La pureza surge y crece en lo más hondo del corazón. Miramos a María y alabamos su pureza: “Bendita sea tu pureza y eternamente lo sea, pues todo un Dios se recrea, en tan graciosa belleza”.

María es pura. Pero no sólo porque en Ella no hay pecado. No sólo porque su corazón es templo de Dios y morada del Espíritu Santo. No sólo porque su sí abrió las puertas de la carne a un Dios todopoderoso.

La pureza de María tiene que ver con su fidelidad, con su amor apasionado que quema con su fuego todo. No es una pureza helada. Tiene que ver con esa mujer firme que ama al pie de la cruz.

María estuvo firme y fiel ante el ángel. María se mantuvo firme ante la cruz. Allí, de pie, sosteniendo el cáliz junto a su Hijo. En ese momento, la única corona que quería recibir era la de su hijo, una corona de espinas.

La pureza tiene que ver con integridad, con fidelidad. María es la mujer íntegra, en quien alma, corazón y vida están unidos, en perfecta armonía. Por eso necesitamos entregárselo, para que Ella lo posea:

A ti, celestial princesa, Virgen sagrada maría, yo te ofrezco en este día, alma, vida y corazón. Mírame con compasión, no me dejes, Madre mía. Le entregamos todo lo que somos.

Le entregamos nuestra vida, para que Ella nos haga puros. Para que todo nuestro ser sea de Dios. Para que nuestros pensamientos, anhelos, sueños, palabras, gestos, sean de Dios. ¡Qué difícil a veces! ¡Qué milagroso cuando sucede!

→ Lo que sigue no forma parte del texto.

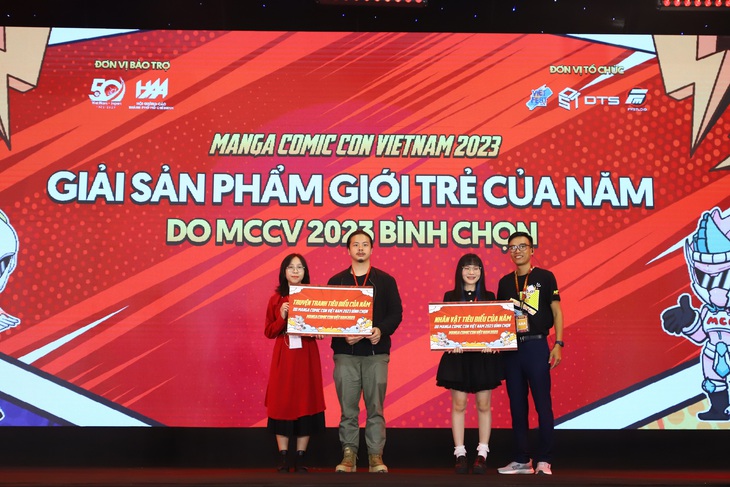 Hai khách mời được nhận giải thưởng về sản phẩm dành cho giới trẻ: chủ nhân của chú mèo Mỹ Diệu gây sốt cộng đồng mạng và tác giả của truyện tranh Chiêu Hoàng Kỷ - Ghi chép về Nữ Đế cuối cùng (từ phải qua)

La miro a Ella y se lo entrego todo. Le entrego mi sí. Tal vez por ahí empieza todo. Tengo tantos motivos para decirle que sí a Dios. Sí a mi vida, sí a mi presente. Sería bueno que cada uno pudiéramos hacer ese ejercicio.

Repetir nuestros síes de rodillas como hizo esta persona:

Sí a vivir cerca de ti. Sí a tocar tu manto, Señor, cada mañana. Sí, a confiar en mis inseguridades y miedos, cuando pienso que podía dar mucho más, que podía salir más al encuentro de los hombres y por miedo me quedo en mi zona de confort.

Sí a los desafíos que me presenta la vida. Sí a la renuncia a una vida diferente. Sí a la enfermedad que pueda venir. Sí a la pobreza y al desvalimiento. Sí a dar la vida por aquellas personas que me confías, a veces torpemente, otras entregando lo poco que yo sé.

Sí a los pequeños fracasos, cuando me critican o juzgan. Sí a mis infidelidades, a mis inconstancias. Sí a caminar contigo donde Tú vayas. Sí a mis límites y carencias.

Sí a mi pasión por la vida, a mi espíritu impulsivo. Sí a mi capacidad de amar. Sí a mis debilidades en las que me veo frágil. Sí a mis inmadureces, cuando no doy la talla, cuando me enfado por tonterías, cuando dependo del mundo.

Sí a mis amigos, a mi familia. Sí a los que más me cuestan, a los que no me quieren. Sí a mi pecado, que me recuerda que estoy hecho de barro.

Sí a mis amores a veces inconstantes, a veces superficiales, a veces dependientes. Sí a toda mi vida con su grandeza y pequeñez. Te la entrego entera. Sólo quiero decirte que sí. Que hoy, como siempre, se haga tu voluntad, se haga según tu palabra».

Lo repetimos con humildad. Lo entregamos en silencio. Como María, ante el ángel, ante Dios. Lo hacemos conscientes de que solos no podemos. De que Dios nos sostiene y levanta. ¿Qué sí me cuesta más entregarle a Dios?